#### MATERIAL TO PROCESS:
· · · · · · ·
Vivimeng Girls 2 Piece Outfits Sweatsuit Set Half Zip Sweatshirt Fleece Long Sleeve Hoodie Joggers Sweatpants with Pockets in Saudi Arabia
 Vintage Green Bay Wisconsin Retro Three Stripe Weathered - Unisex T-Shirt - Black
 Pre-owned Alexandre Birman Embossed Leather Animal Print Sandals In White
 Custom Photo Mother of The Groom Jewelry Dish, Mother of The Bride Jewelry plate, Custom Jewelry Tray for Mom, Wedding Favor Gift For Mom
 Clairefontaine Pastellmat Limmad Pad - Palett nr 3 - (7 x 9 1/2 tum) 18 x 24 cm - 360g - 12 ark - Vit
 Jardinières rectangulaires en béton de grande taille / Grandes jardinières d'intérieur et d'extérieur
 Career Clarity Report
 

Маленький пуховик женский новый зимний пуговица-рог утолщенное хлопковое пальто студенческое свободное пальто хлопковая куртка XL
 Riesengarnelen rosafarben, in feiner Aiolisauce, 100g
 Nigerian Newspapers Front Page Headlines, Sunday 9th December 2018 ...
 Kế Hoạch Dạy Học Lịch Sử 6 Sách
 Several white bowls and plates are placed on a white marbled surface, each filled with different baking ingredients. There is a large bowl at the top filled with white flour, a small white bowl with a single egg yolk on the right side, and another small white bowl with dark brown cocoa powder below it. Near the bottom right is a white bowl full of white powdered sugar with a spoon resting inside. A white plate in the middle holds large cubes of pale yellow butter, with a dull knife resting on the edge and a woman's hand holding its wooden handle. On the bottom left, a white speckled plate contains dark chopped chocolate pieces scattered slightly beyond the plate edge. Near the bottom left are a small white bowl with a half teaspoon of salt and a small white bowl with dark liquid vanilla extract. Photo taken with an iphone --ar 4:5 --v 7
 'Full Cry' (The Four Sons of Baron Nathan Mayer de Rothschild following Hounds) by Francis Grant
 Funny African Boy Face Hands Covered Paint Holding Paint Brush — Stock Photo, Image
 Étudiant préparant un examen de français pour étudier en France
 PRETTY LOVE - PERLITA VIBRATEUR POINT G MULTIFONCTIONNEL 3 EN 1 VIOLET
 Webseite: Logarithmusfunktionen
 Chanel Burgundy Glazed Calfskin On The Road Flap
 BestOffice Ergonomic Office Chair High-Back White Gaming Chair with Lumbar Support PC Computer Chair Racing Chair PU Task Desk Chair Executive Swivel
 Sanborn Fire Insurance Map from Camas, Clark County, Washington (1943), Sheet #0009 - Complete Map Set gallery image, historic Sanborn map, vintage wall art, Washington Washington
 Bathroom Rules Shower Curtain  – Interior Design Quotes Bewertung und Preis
· · · · · · ·
Go through the lines above and count those with the string "Photo". Reply with the count and nothing more.

3